In August 1969, Martin's opened its fifth store in the Smith Haven Mall in the more eastern suburbs of Suffolk County, its first interior mall location.

=== Decline and Sale ===
In 1972, president Wilbur Levin left Martin's to move into the banking industry, and another Zeitz grandson, Robert Rosenthal, took the reins. At the time, Levin reported that the stores "were doing well" and that his career change could be made "without disrupting Martin's."

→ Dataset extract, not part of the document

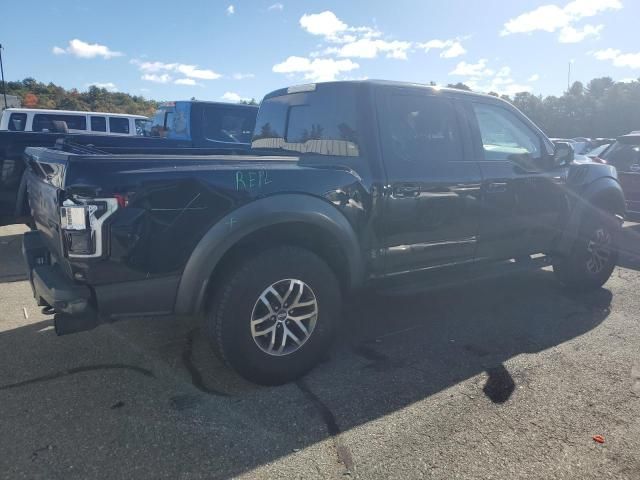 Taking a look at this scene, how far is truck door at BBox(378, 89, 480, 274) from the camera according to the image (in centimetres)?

Although a sixth location was opened in the new Riverside Square Mall in Hackensack, New Jersey in early 1977, profits for the still family-held company had steadily declined during the 1970s. In October 1977, with reported annual sales of $30 million, Martin's was sold for an undisclosed amount of cash to the Seedman Merchandising Group, operator of Times Square Stores. Rosenthal was announced to be continuing as president, but left the next year.

In 1979, the Fulton Street store was closed as a result of the "long term unprofitability" of the location. Obliquely referencing the change in fortunes in the shopping district, it was reported that "the Martin's store in Brooklyn, which for many years had catered to the borough's affluent, 'was no longer related to the surrounding shopping area.'" After that pivotal event, within a few years, the remaining Martin's closed or changed names.

The Offerman Building in Brooklyn was designated as a New York City Landmark in 2005.